• _About this exercise_
Could you write out, exactly, every line from the top of the data through the line holding "Skin Tag Removal"? Omit the pictures.

(Beginning of Input data)

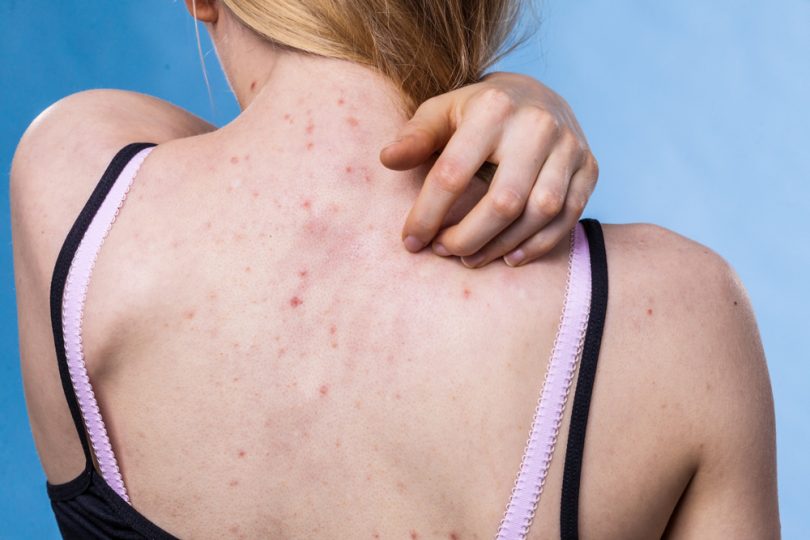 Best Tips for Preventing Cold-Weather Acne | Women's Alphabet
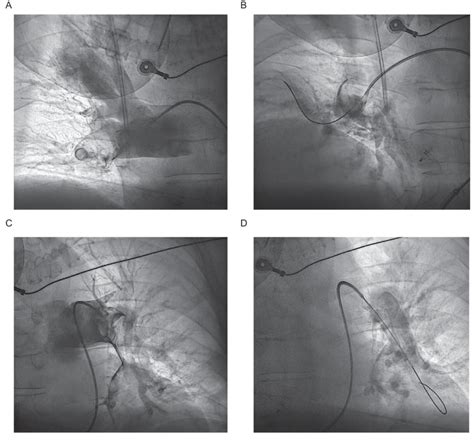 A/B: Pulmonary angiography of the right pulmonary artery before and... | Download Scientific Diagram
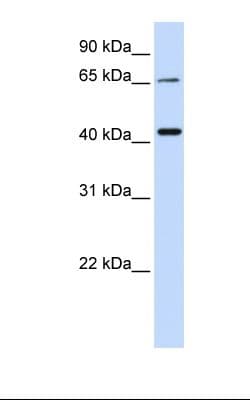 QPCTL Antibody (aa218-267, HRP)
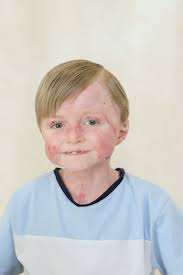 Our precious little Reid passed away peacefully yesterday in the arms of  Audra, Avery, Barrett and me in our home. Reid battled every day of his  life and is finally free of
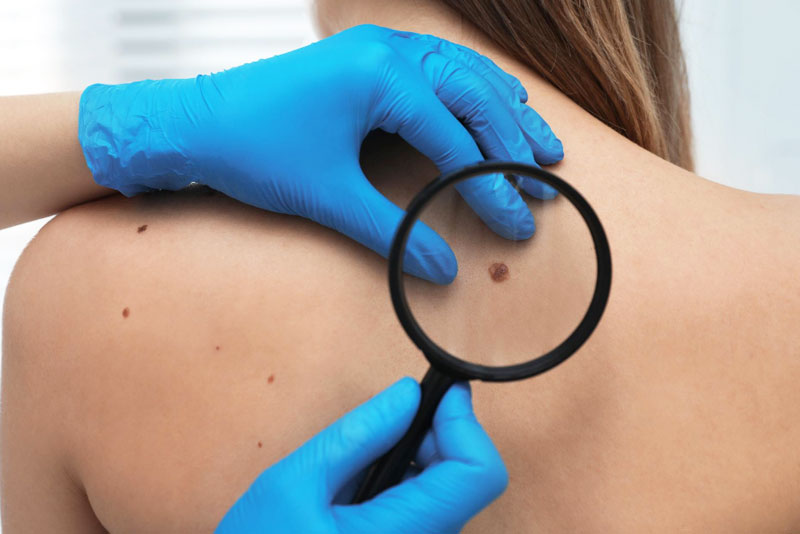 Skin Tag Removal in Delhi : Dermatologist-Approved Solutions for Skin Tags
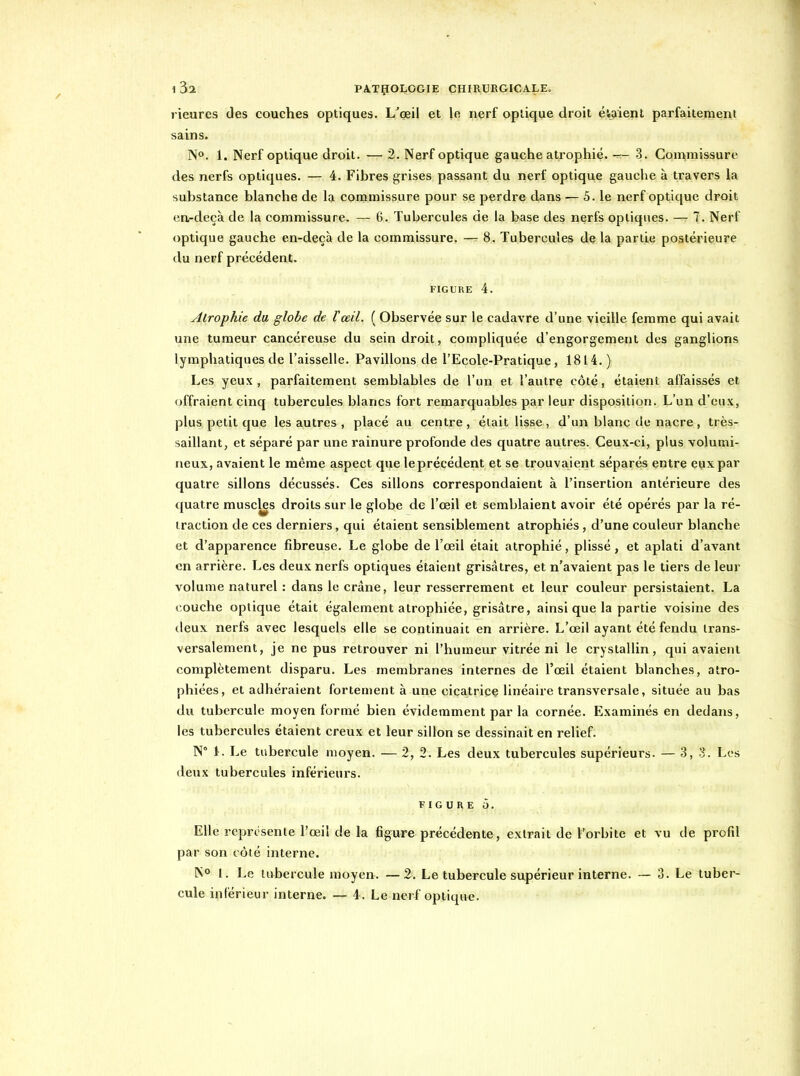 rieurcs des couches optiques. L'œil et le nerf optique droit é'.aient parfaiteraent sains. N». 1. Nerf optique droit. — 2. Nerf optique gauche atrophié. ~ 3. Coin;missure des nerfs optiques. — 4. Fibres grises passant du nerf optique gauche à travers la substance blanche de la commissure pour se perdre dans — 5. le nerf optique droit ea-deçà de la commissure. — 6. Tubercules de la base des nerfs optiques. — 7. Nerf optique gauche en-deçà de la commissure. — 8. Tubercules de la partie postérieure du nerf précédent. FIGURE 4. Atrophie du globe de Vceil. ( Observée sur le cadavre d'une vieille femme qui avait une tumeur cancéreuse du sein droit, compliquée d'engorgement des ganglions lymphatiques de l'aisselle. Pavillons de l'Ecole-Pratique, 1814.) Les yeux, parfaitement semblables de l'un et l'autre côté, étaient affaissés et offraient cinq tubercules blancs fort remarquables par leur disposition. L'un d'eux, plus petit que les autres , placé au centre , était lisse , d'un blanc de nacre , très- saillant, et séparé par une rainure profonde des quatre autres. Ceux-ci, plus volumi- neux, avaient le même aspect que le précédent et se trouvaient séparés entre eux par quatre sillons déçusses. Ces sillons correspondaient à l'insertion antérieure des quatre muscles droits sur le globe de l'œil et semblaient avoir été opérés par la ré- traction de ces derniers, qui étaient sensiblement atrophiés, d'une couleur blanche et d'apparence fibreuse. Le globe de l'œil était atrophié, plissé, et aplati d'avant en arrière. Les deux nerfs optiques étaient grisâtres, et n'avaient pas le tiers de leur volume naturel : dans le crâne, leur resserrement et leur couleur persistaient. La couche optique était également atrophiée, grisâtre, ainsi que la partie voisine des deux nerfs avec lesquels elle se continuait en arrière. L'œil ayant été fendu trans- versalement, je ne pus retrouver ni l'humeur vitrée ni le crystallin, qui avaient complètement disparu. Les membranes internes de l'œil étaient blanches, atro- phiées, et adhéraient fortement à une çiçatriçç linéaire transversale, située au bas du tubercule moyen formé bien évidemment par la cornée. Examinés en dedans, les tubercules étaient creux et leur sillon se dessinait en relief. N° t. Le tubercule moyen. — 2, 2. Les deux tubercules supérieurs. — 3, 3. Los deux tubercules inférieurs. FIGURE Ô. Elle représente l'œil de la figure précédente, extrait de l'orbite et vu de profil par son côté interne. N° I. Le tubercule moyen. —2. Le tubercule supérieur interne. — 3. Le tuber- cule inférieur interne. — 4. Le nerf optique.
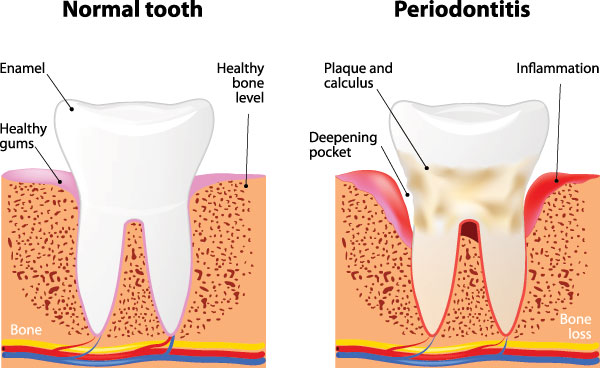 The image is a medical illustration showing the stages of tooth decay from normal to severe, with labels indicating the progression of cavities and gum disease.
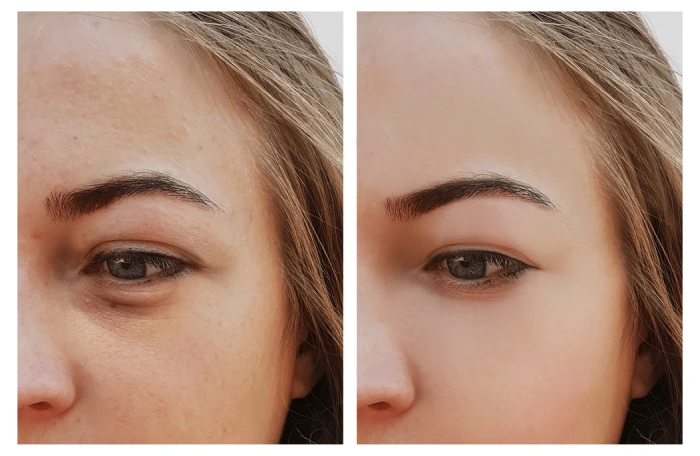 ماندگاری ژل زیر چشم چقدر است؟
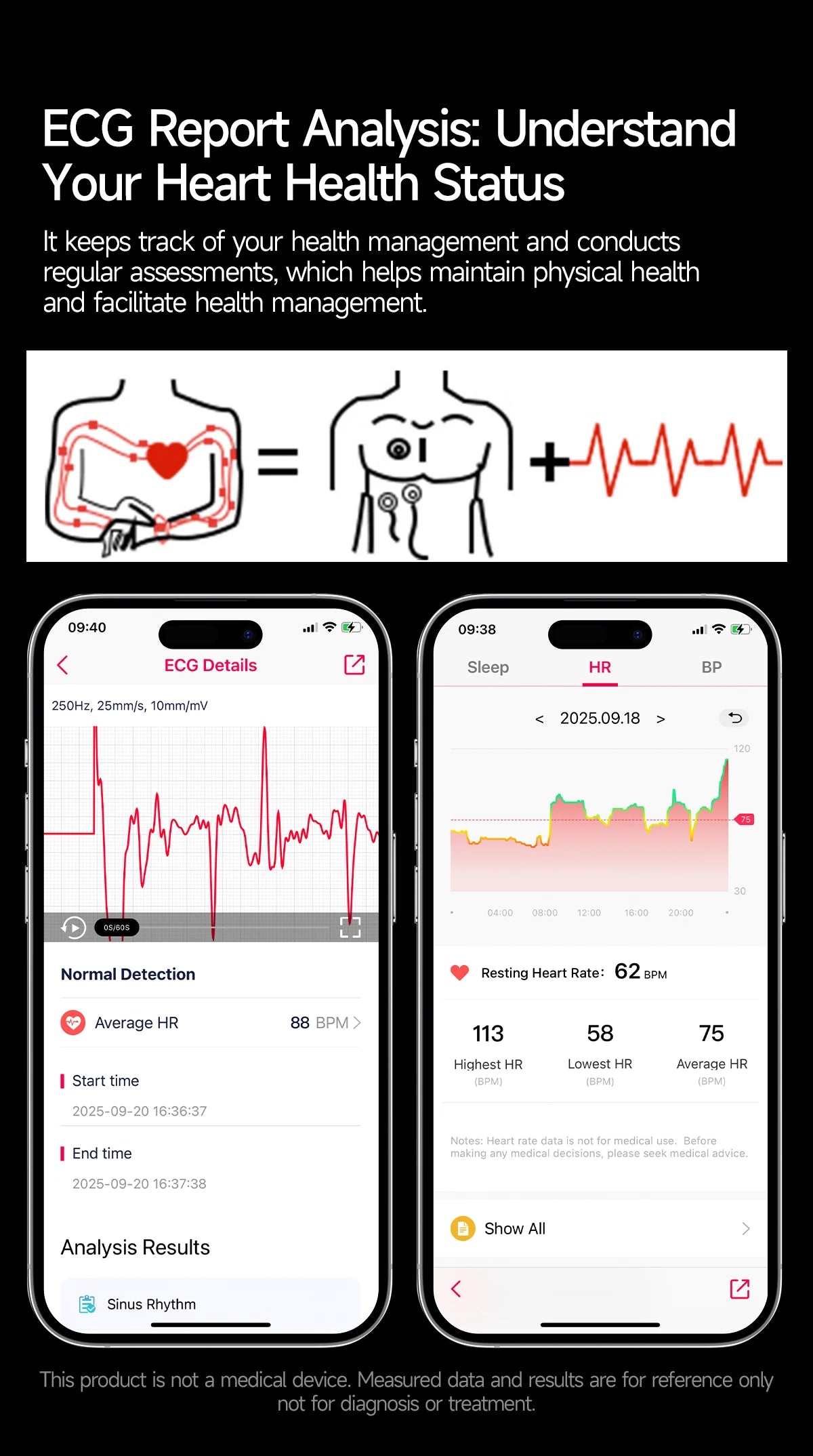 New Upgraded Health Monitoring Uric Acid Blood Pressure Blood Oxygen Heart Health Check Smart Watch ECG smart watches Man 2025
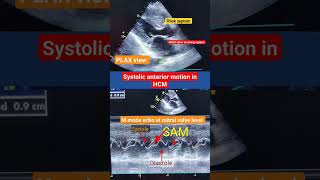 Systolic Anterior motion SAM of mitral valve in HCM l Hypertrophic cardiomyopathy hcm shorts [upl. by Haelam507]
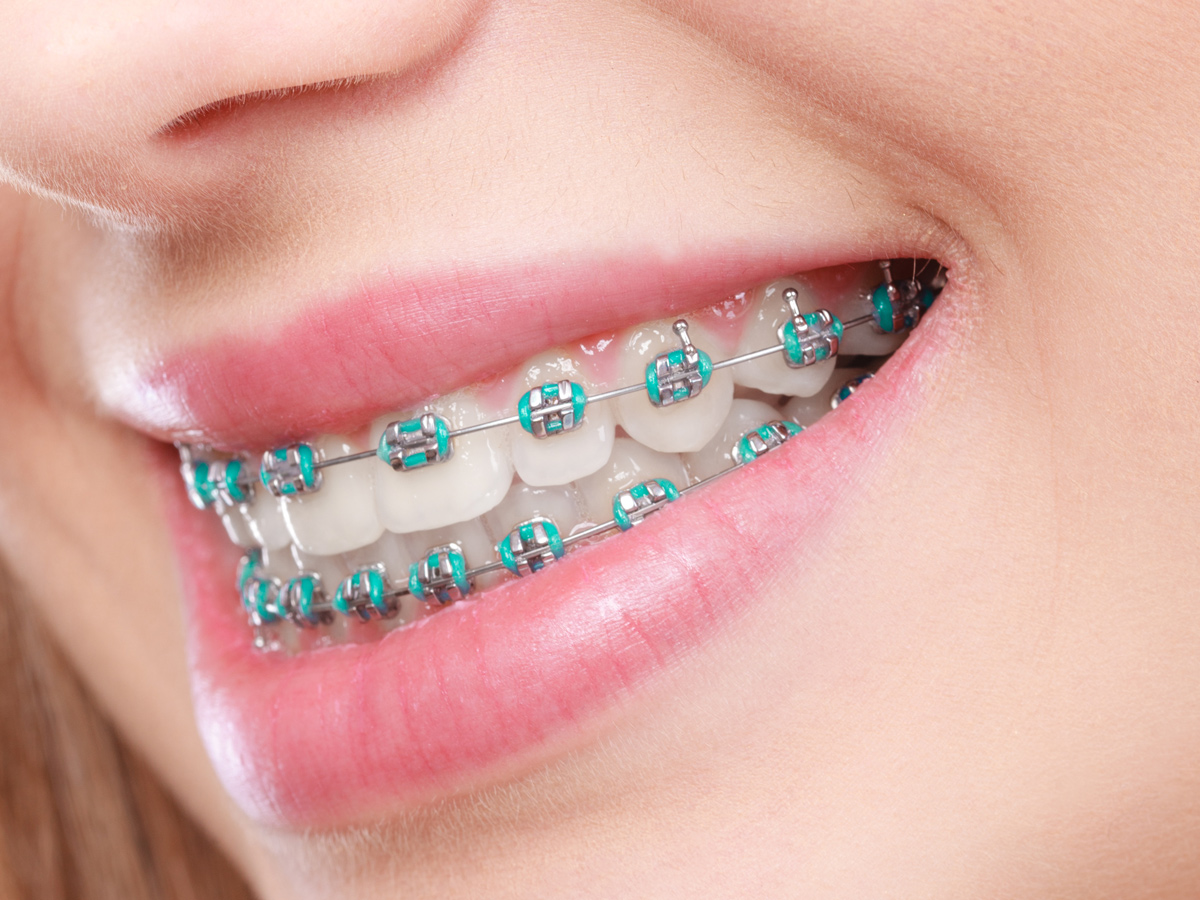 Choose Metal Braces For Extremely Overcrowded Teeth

(End of Input data)

• _Your solution_
 Best Tips for Preventing Cold-Weather Acne | Women's Alphabet
 A/B: Pulmonary angiography of the right pulmonary artery before and... | Download Scientific Diagram
 QPCTL Antibody (aa218-267, HRP)
 Our precious little Reid passed away peacefully yesterday in the arms of  Audra, Avery, Barrett and me in our home. Reid battled every day of his  life and is finally free of
 Skin Tag Removal in Delhi : Dermatologist-Approved Solutions for Skin Tags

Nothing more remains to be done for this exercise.